I really can’t believe it has been 14 months since I wrote anything here. It’s funny. When I first started blogging and were new it was really pretty all consuming, that feeling of wanting to put all that I was thinking and feeling down in a post. I’m a very verbal person but this is not something you can talk about with anyone you know. (At least for me.) And so I wrote. I wrote here and I wrote on my private blog just for Alex.
But after awhile it began to feel like I was saying all the same things, and feeling all the same things. We are up. We are down. We are good. We are struggling. The kids are home so we have pretty much put the dynamic away for a bit. The kids are gone so I think things will improve. I really want this. Does he really want this? We talked. We are trying again. On. And on. And on. Broken record.

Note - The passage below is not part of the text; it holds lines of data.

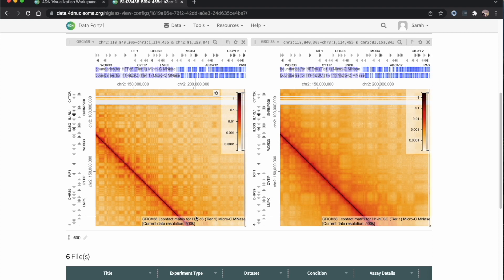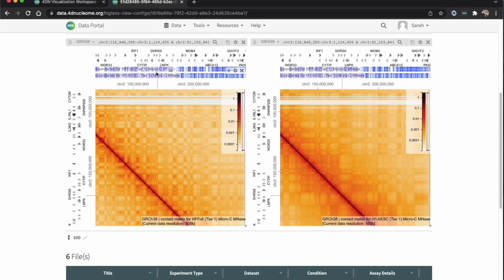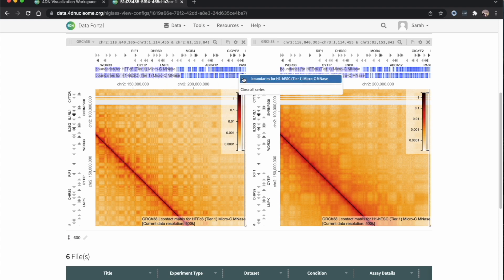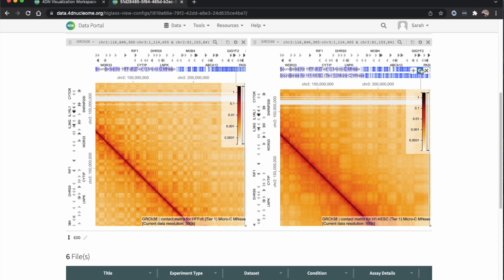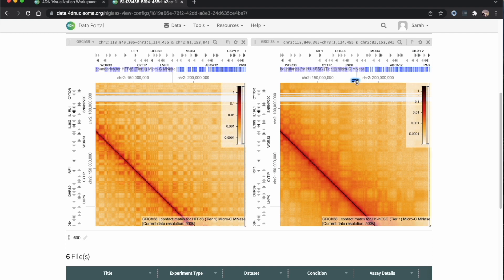Perhaps for the 1D tracks, we only want to compare HFF to HFF. So I can mouse over the H1 1D track and remove it from the left-hand side, and the same on the right for H1. I'll mouse over the HFF 1D track and remove that from the right-hand side.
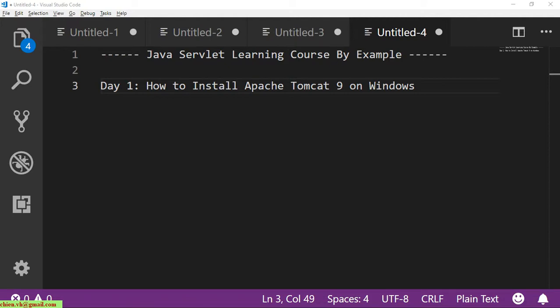Hi, this is Java serverless learning course by example. My name is Chiang. Today is day one. I will guide you how to install the Apache Tomcat 9 on your Windows PC. Now let's get started.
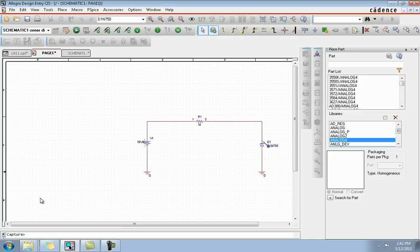We will perform analysis of the circuit and generate a DC sweep analysis of V1 from 1 volt to 10 volts with a 1 volt increment.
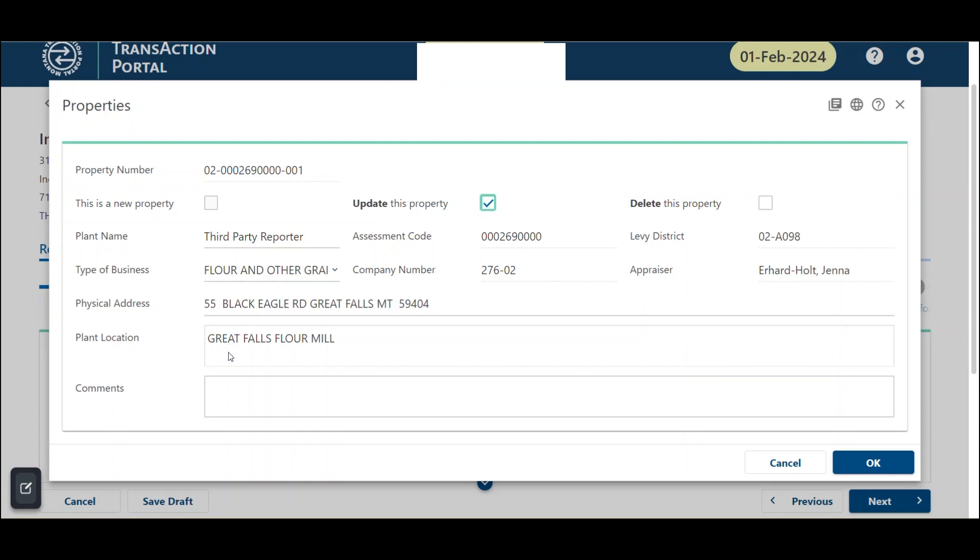Note, when you delete a property, all the associated assets will be marked as deleted. Remember to edit assets in steps three through seven if you would like to associate the deleted assets with a different property.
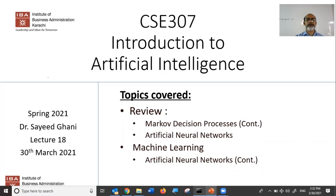We'll continue our discussion from last week. We were talking about Markov decision processes in artificial neural networks. Today we're going to talk about artificial neural networks again, continuing that topic, and hopefully we'll also talk about the next topic within ANNs, which is convolutional neural networks.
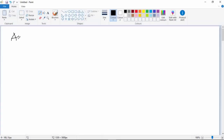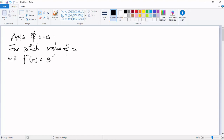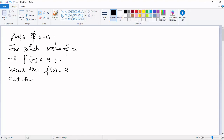Answer to question 5.5: For which values of x would the inverse of f(x) be less than three? Recall that f inverse of x is equal to three, such that three to the power of x is less than...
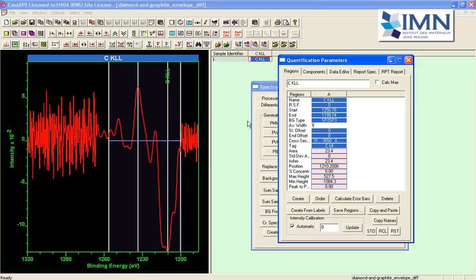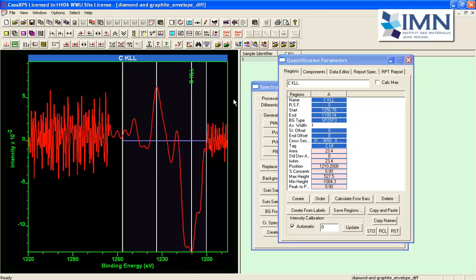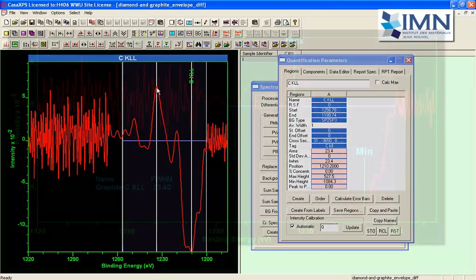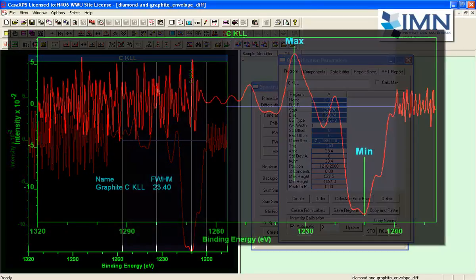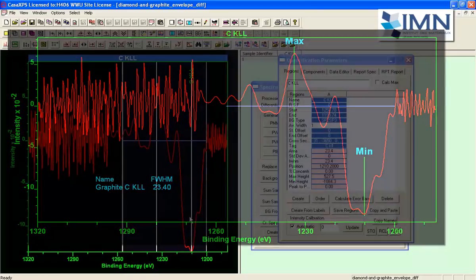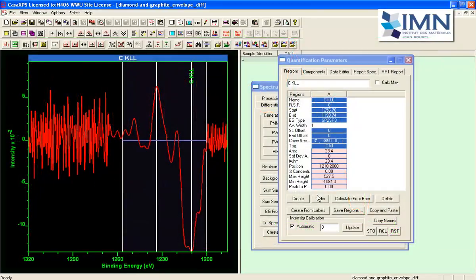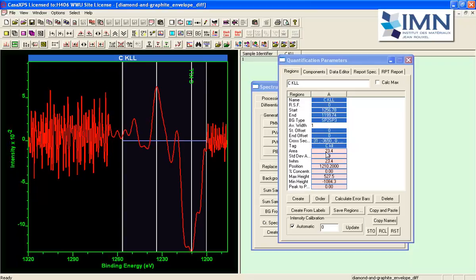And it will then indicate two points here at the largest maximum intensity there's the minimum intensity and the difference between these two lines will represent the D parameter and it's 23.4 so this is graphite.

Who wants to read that? Who wants to see the same thing over and over? But probably more significantly for me, why would I want to write that. It became a graphic representation of our stagnation. And so I quit writing.
But lately I have been feeling like even if that is the case I should write again. I need to process things now just as much as before and this is still an excellent way to do that. So I am going to do that.
I am going to write. I am going to make myself write. I would love to tell you that everything is going strong but as always we are a work in progress and I continue to be in a position of pushing or pulling him along with me. But maybe this introspection will help that process along.
Anyway, hello again. Is there anybody out there? I hope there is someone still there but even if you have all gone away I’m still here and beginning again.